Now to the changes in the middle. With my new weights layout, I moved the battery close to the prop shaft. This made a relocation of the upper mounts necessary . I also added claws to the ends, so I don’t need to glue a piece of foam to the chassis wall:




And while at it I exchanged the aluminum prop shaft as well, as it was ligthly bend.

For the rear upper plate it was pretty much the same work as in front. Exchanging the ballstuds, checking the proper shimming of the ball bearings, adding the thumbscrews for the shocks:


New is the mounting concept of the rear body post plates via one screw and a pin from the topplate. Unfortunately this pin didn’t fit in the hole as planned. I removed a bit of material from the upper side until it fit:


The rear droopplate has compared to the front, two different features. One are the split arb mounts:


...and two are the active-toe-link ballnuts:


In this picture I have already added the arm mounts and droop screws.

Putting in the arms is generally no problem. It can occur though, that they sit tight on new ball cups. If so take a round file and remove a whee bit of material step by step until it is perfect. On my old and worn ballcups I experienced both tight and loose situations. For the latter you can put on a film of crazy glue into the ring, let it fully dry and then check again



In the picture the distance for the toe-links for 2.5 degree toe-in.

It was time to complete the arm assembly with the arb-damper-mounts. Again preparing four ballcups as described above and shorten two ballstud-threads to 3mm:


Then put the parts together like shown and attach the ballstud to the mount:






Rear anti-roll-bar bend and added:






The whole unit attached to the tub and dampers installed:





And then I realized, that I cannot install the droop plate support with the arb installed Luckily it is just two screws to remove the arb-mount:


... to be continued.

Last step’s before completion.
The rear hubs got the new toe-plates:



These are generously chamfered for more suspension angle.


Only the upper arms left to add:




And that’s it. The new v5.1:

On the xray hubs it looks like you have fitted the suspension ball joints to the wrong holes. I.e you've used the outer holes rather than the inner.

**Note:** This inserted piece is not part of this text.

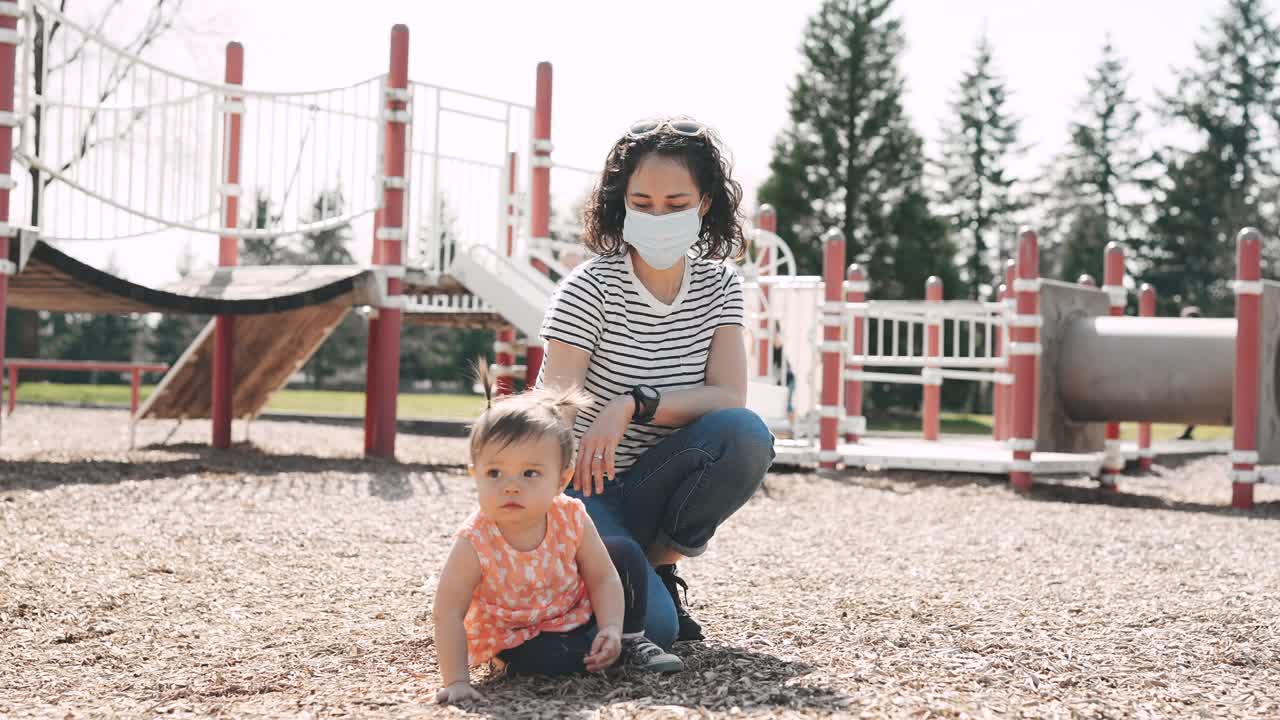 种族母亲和蹒跚学步的女儿在公园玩耍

At the rear that probably won't matter but at the front the steering axis won't line up with the centre of the driveshaft joint. What that will do is cause the inboard end of the driveshaft to move in and out as you steer. The steering may bind under power or braking due to friction with the outdrive.

I'd be curious as to whether you notice any issues in practice

tortoise 1 It is all on purpose and I run it without issues for years now. I have no trouble with binding, just need to use the right length cardan, because the blade will move inside the outdrives under steering and I don’t want it to slip out.
I get, that it should induce some unwanted forces into the steering and front suspension, but do not notice anything on track or any influence on drivetrain or steering action. I suppose the angles are not great enough on the doublejointcardan to have a noticeable effect.

I guess the advantages of longer links have outweighed the friction issues at the inner joint. I remember wtcc once tested out longer vs. shorter links, with a clear favourite the longer ones.

Glad to hear it works.

If you are using the xray steering arms another thing that occurs to me is that using the outer holes on the hubs must increase the ackerman a lot.

The xray in standard form already has a lot of ackerman. On my x4f I used to run as many spacers as I could on the steering rack in order to reduce it.

That's really interesting that you don't notice much of a difference. I've testing moving the axle joint away from the KP axis on 8th scale buggies and just 1mm (in or out) causes a dramatic difference in the cars handling. The differences are felt most during heavy braking and heavy acceleration.

Saw that the car was run at ETS Wiener Arena Nova. Any feedback?